The EU hopes humanitarian aid could help re-establish ties with Iran, an Islamic republic of some 78 million people, which has a high number of executions and ranks second in the world on the highest number of imprisoned journalists.
Freedom of expression, rights of ethnic and religious minorities and women there all are a major concern for the bloc.
But during his visit Stylianides carefully avoided criticizing Iran on that, instead playing up the need to rebuild ties with Tehran to be able to engage more on the ground.

Education
Nevertheless, EU’s aid to Iran fades compared to 3 billion euros the bloc promised to Turkey for its help in managing migration.
Iranian officials said foreign aid covers only about 6 percent of the cost of hosting the Afghan refugee community and said the EU should do more.
“I would call it an investment for the European Union, any kind of support to the education system,” said Hamid Shamsaldili at Iran’s Bureau for Aliens and Foreign Immigrants Affairs. “Any kind of support to this country will prevent these people from going to European countries.”
The situation of the three million Afghan refugees in Iran is often dire.
Iran has hosted the large refugee community for more than 30 years now as Afghans first fled the Soviet invasion, then the long Taliban insurgency and now Daesh attacks.
A third of them have a formal refugee status with some limited benefits. But the other two millions are “undocumented,” meaning that for generations they have had no access to education, jobs or health care.
Last year, as its ties with the West started to improve slowly, Tehran allowed children of the “undocumented” Afghan refugees to attend public primary schools.
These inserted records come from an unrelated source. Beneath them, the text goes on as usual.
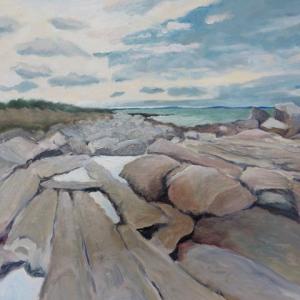 Lanesville Shore by Bruce MacDonald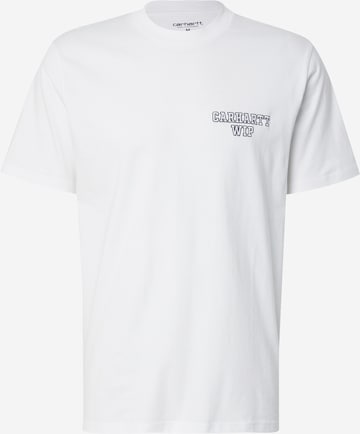 Maglietta 'Alumni' di Carhartt WIP in bianco: frontale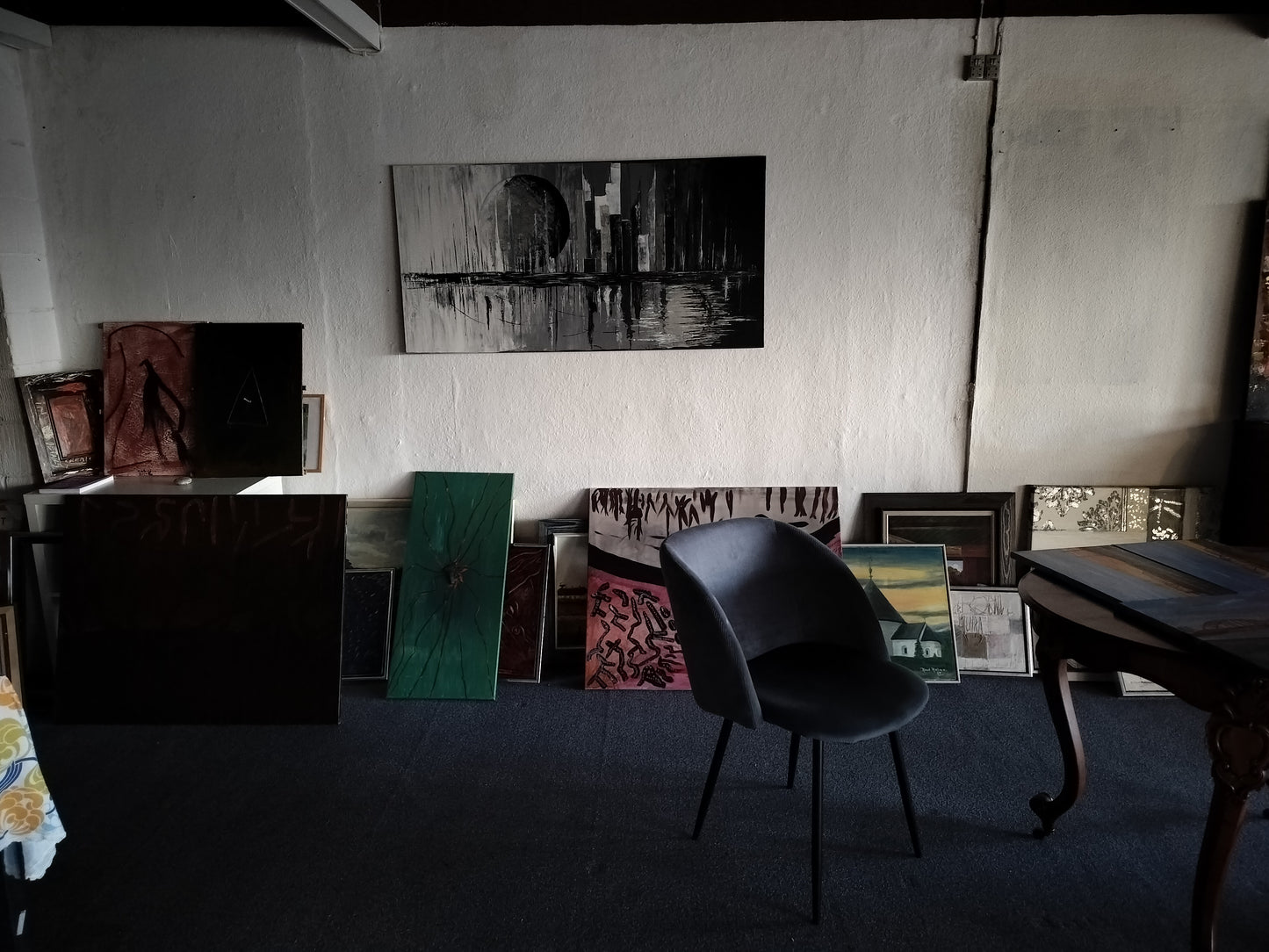Cities Nr 1. 140cm X 70cm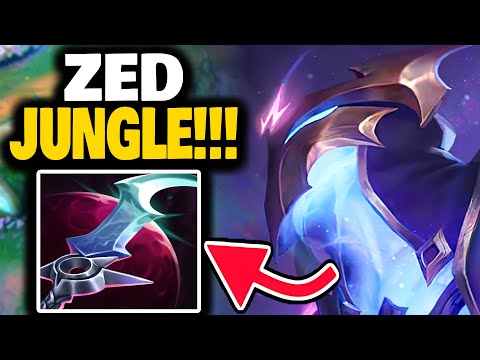 CAN a ZED Jungle PLAY the GAME!!?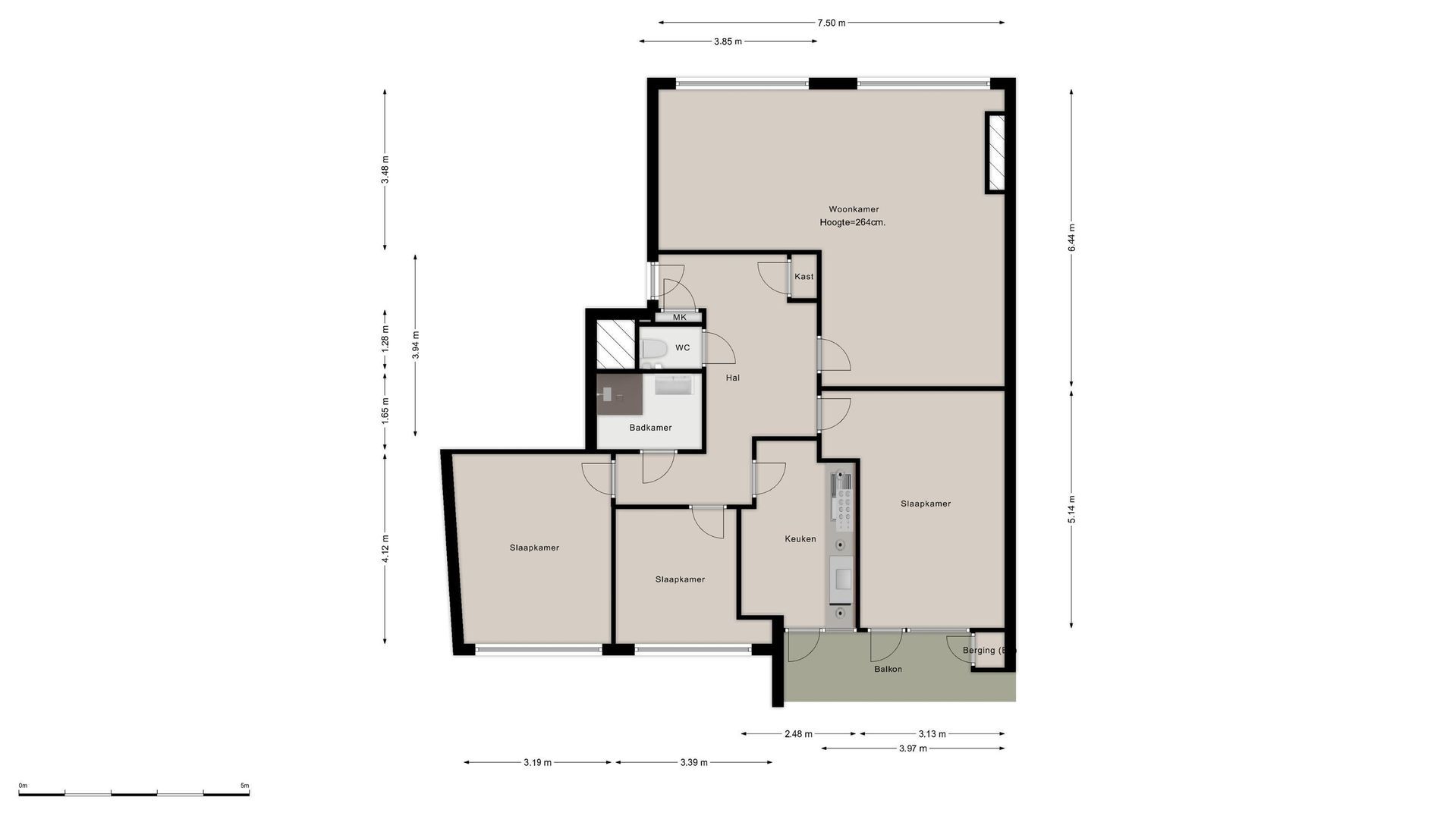 Landrestraat 295, Den Haag foto-38 blur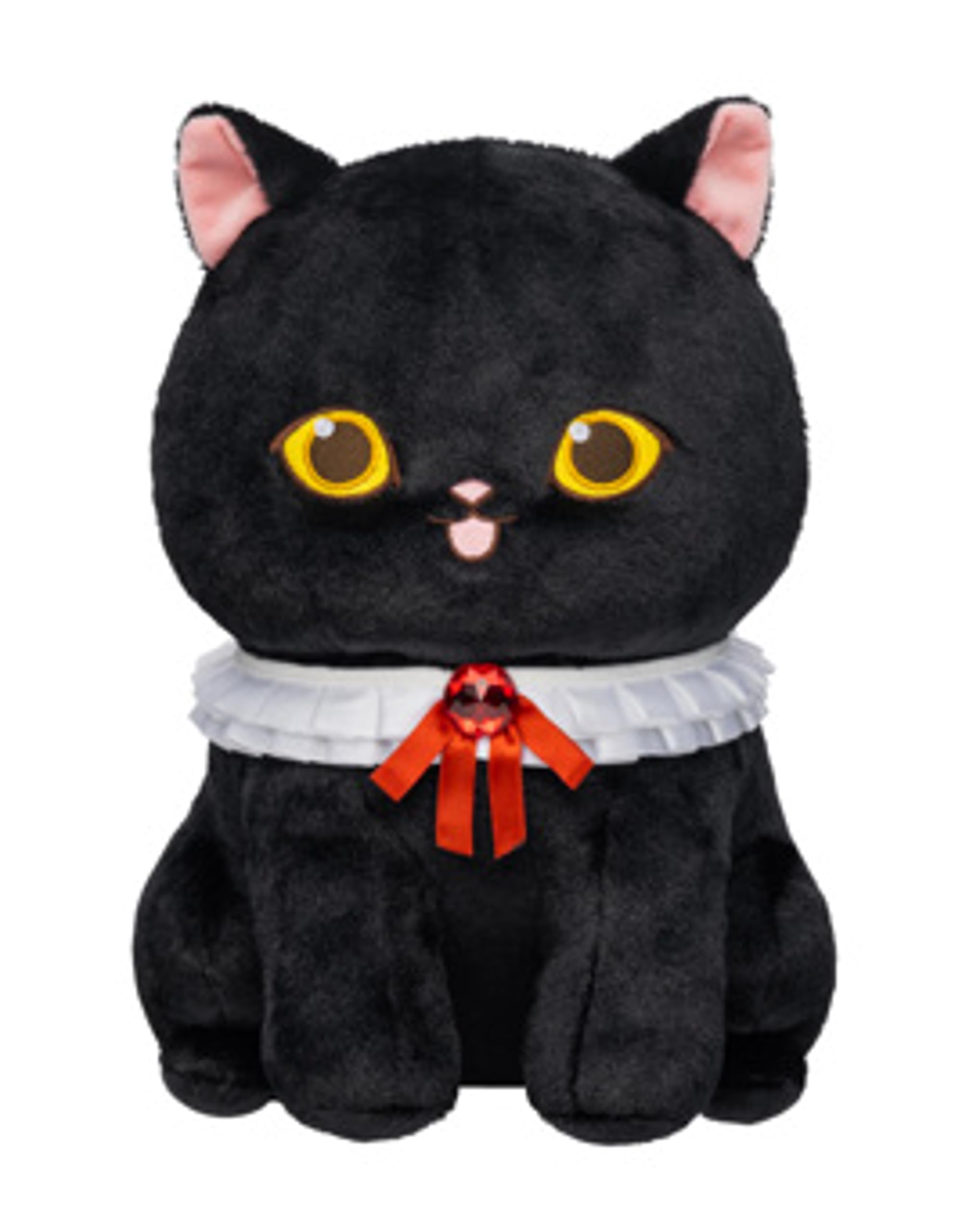 Amazon.co.jp: mofu *sand 黒仔猫にゃん ぬいぐるみ モフ *サンド サメ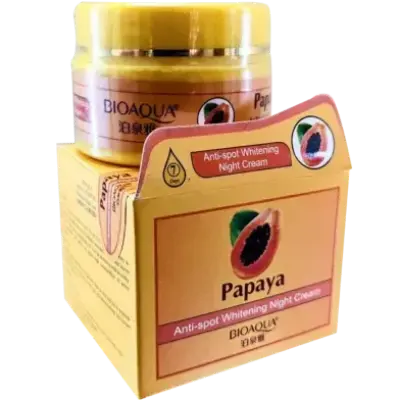 Picture of Bioaqua Whitening Night Cream Papaya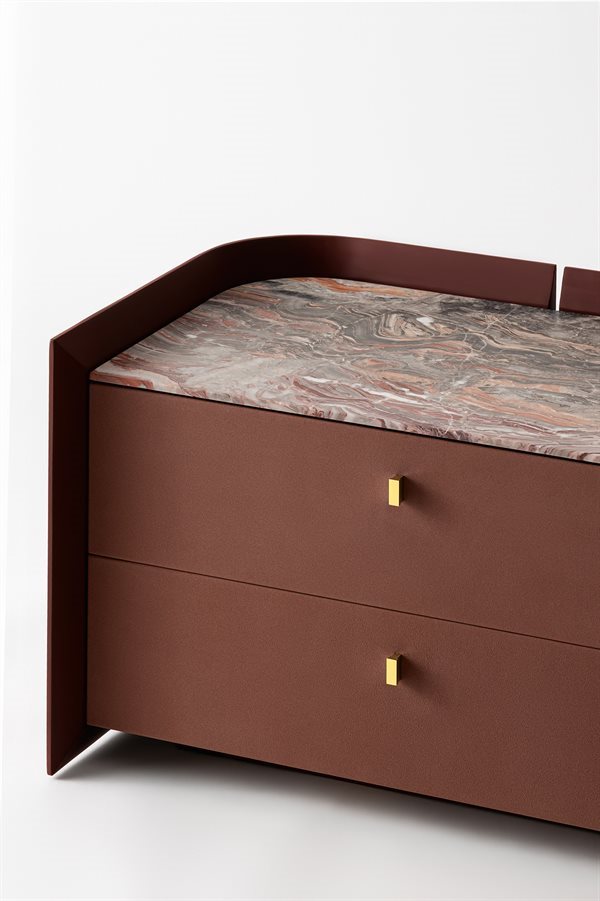 Gallotti&Radice Sunset Luxury Nightstand by Studiopepe – Casa Design Group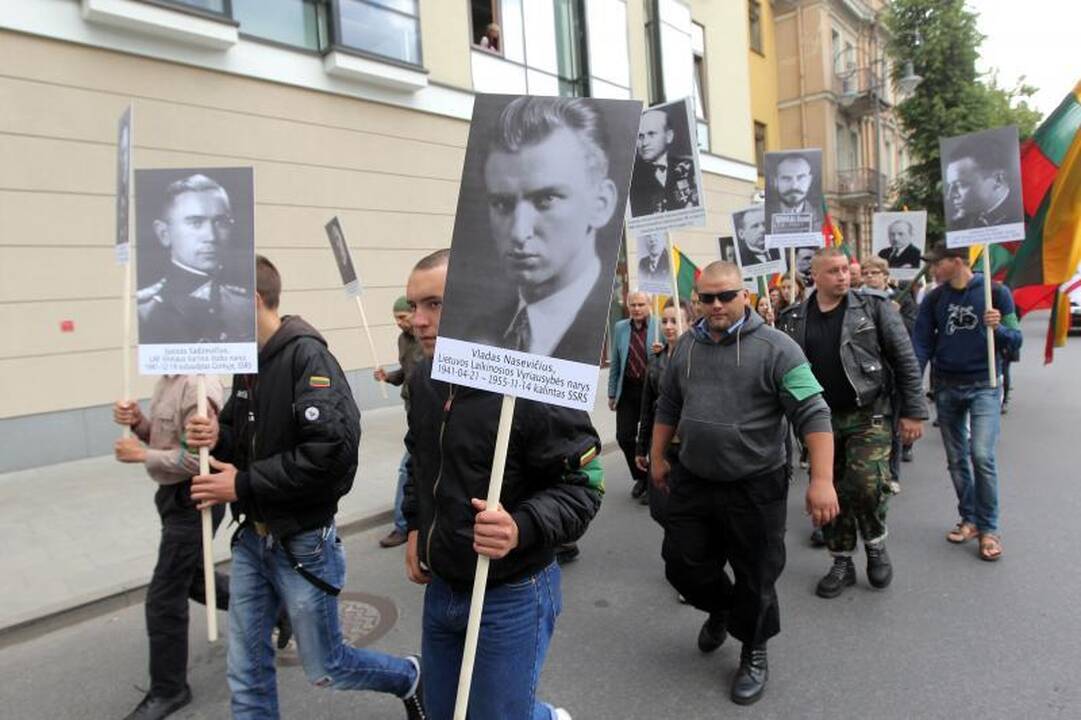 Birželio sukilimo metinių eitynės praėjo be incidentų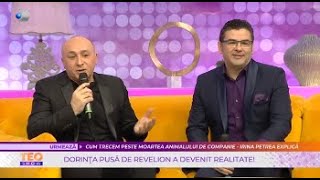 Teo Show 24032022  Marcel Pavel si Stelu Pandelescu eleganta pe portativ de catifea [upl. by Elnora]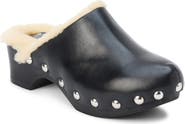 Matisse Mayfair Faux Shearling Lined Clog
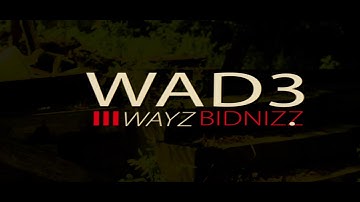 **OFFICIAL VIDEO** Wad3 - Platinum & Gold intro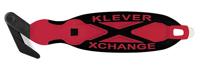 Klever X-Change With Wide Cutting Head Red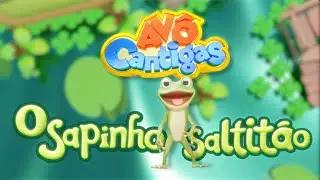 Av&ocirc; Cantigas - O Sapinho Saltit&atilde;o (Official Video)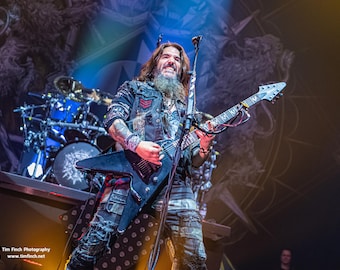 Machine Head : Photo Print #1 - Heavy Metal Legends - *Free Postage to the UK*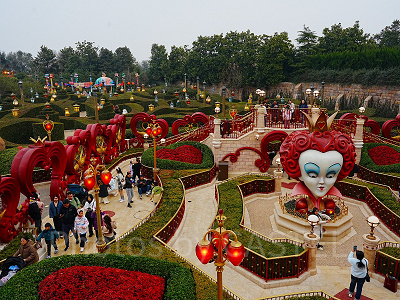 上海ディズニーの天気・気候：黄砂・PM2.5がひどい場合の運営はどうなる？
Aid groups on the ground say some 48,000 such children enrolled in 2015.
It was the first time Western aid agencies could reach out to this large and extremely vulnerable group.
“There has been quite a lot of hope, from the Iranian authorities as well as from our side, that this political opening will create more funding options,” said Olivier Vandecasteele, the Norwegian Refugee Council’s head in Iran.
“So far it has raised interest but it hasn’t translated into any additional huge funding decisions.”
At the time of Stylianides’ visit, Swedish officials were in Tehran to pick 157 Afghans for resettlement, a tiny share of the large numbers of such requests.
It is mostly the younger Afghans who want to go to Europe but EU’s asylum acceptance rates for them are low.
And they face dangers along the way: For those crossing the Mediterranean, as most Afghan refugees do, the UN refugee agency UNHCR said 2016 is shaping up to be the deadliest year yet.